Ela entrava no carro, olhava o marcador de combustível e via o mísero traço vermelho. Isso era a vida dela toda semana. Carlos usava o carro o dia inteiro, voltava com o tanque na reserva, e no dia seguinte ela precisava ir trabalhar. Ela parava no posto, abastecia, e seguia. Uma vez, na segunda de manhã, o carro morreu na saída de casa. Tanque seco. Ele tinha usado o fim de semana inteiro sem abastecer. Ela perdeu uma reunião importante.

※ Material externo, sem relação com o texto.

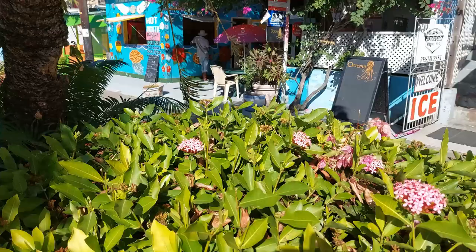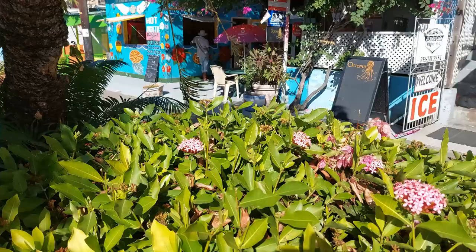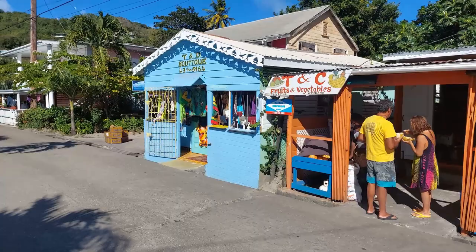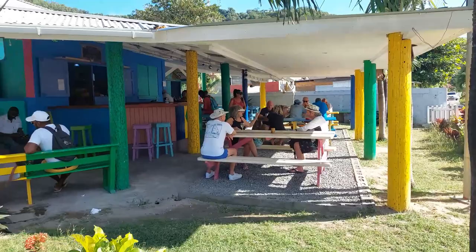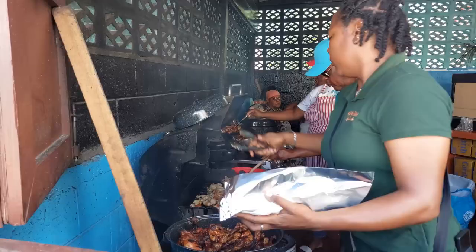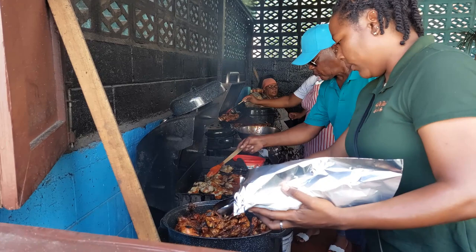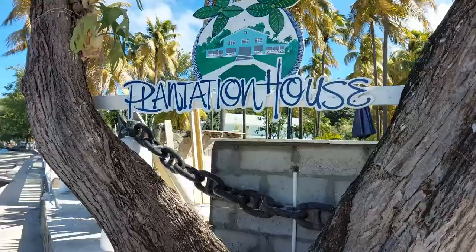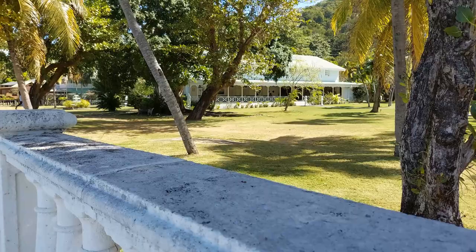The next morning, a dinghy ride into the lovely little town of Port Elizabeth. Port Elizabeth is a really friendly place, with quirky shops, bars and plenty of places to eat. A must-do in Port Elizabeth is a walk along the Belmont Walkway, with restaurants, bars and some lovely guest houses.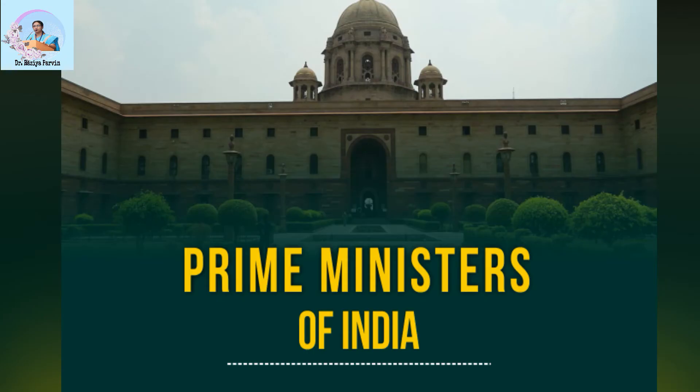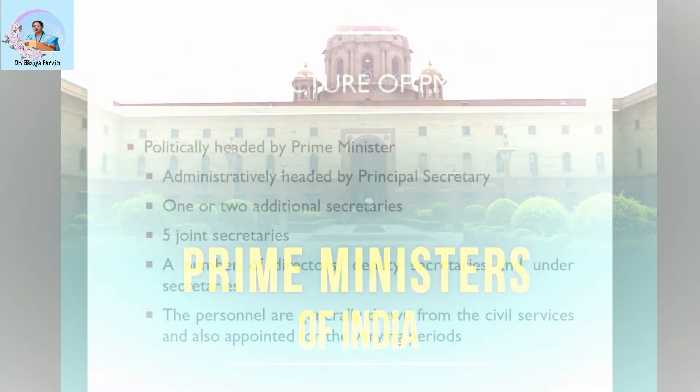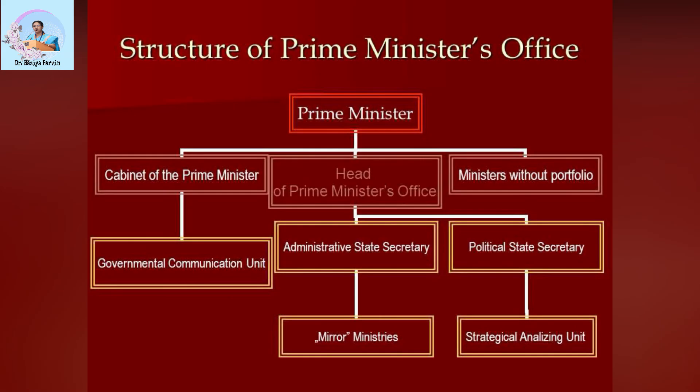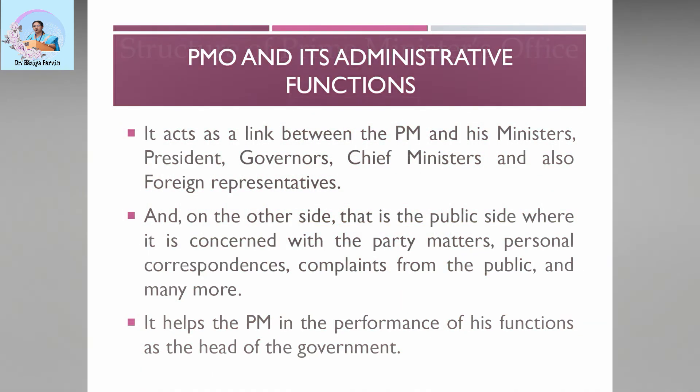Regarding the structure of the Prime Minister's Office: it is politically headed by the Prime Minister and administratively headed by the Principal Secretary, followed by one or two additional secretaries, five joint secretaries, and a number of directors, deputy secretaries, and under secretaries. The personnel are generally drawn from the civil services and appointed for varying periods. The structure flows from the Prime Minister to the cabinet, ministers without portfolio, a government communication unit, administrative state secretary, political state secretary, and a strategic analysis unit.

Tentou falar: "Carlos, você podia abastecer quando usa?" Ele dizia "vou abastecer amanhã" e nunca abastecia. Passou a deixar um bilhete no painel: "Abastece, por favor." Ele ignorava. Começou a criar um ressentimento que não era sobre gasolina — era sobre consideração. Ele usava, ela pagava. Ele gastava, ela repunha. Injusto.

Mudou de estratégia. Na sexta, encheu o tanque. Tirou foto. Disse: "Tanque cheio pra você usar o fim de semana. Na segunda, ele tem que estar cheio de novo. Se não estiver, você vai de Uber." Ele riu. Segunda de manhã, o tanque estava na reserva. Pegou a bolsa, chamou um Uber, foi trabalhar. Ele ficou sem carro. À noite, ele disse: "Você foi mesmo de Uber?" "Fui. E vou toda vez que o tanque estiver vazio." Ele nunca mais deixou o tanque na reserva. Não porque combinaram — porque ele sentiu o custo real de não repor. Às vezes, a gente precisa deixar o outro sentir o problema em vez de resolvê-lo.